On April 20,1973, at about 8 p. m., appellant’s decedent, Wayne J. Hart, was approaching the Congress Street Bridge in the South Branch of the Chicago River from the south in his 16-foot long motorboat. The defendant’s barge tow, consisting of two barges, each 195-feet long and 35-feet wide, lashed abreast of each other and being pushed by a towboat, was traveling southbound to Lockport, Illinois. When the pilot house of the towboat was about 50 feet north of the Congress Strept Bridge, the tow’s pilot saw the red (port) running light of the decedent’s boat approximately 800 to 1000 feet away. He blew his whistle' once to signal that he would direct his course to starboard for a port-to-port passing. As the pilot steered starboard, he noticed the green (starboard) light of the decedent’s boat as well as the red (port) light. This indicated that the small boat was proceeding directly toward the tow. The pilot then steered hard to starboard, eventually driving the bow of the starboard barge into the west wall of the river about 40 feet south of the Congress Street Bridge. Seconds later the decedent’s boat crashed into the bow of the port barge and capsized, throwing its occupants into the water. The decedent and one of his passengers drowned.

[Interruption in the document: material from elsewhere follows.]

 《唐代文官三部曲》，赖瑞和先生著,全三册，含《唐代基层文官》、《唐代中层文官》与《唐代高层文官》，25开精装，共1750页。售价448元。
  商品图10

At the time of the collision, the barge had red and green directional lights at the corners of its bow and a flashing amber light at its center head. The towboat had red and green directional lights on the roof of its pilot house. The forward-facing white light on its pilot house was not illuminated. The motorboat was illuminated by a combination red and green light on its bow and a white light mounted atop a pole in the center of its stern.

A few moments prior to the collision, the mate who was acting as a lookout on the bow of the port barge started to walk back to the towboat to obtain a jackstaff, a device used to gauge the wind’s velocity and direction. The mate did not see the decedent’s boat before the collision.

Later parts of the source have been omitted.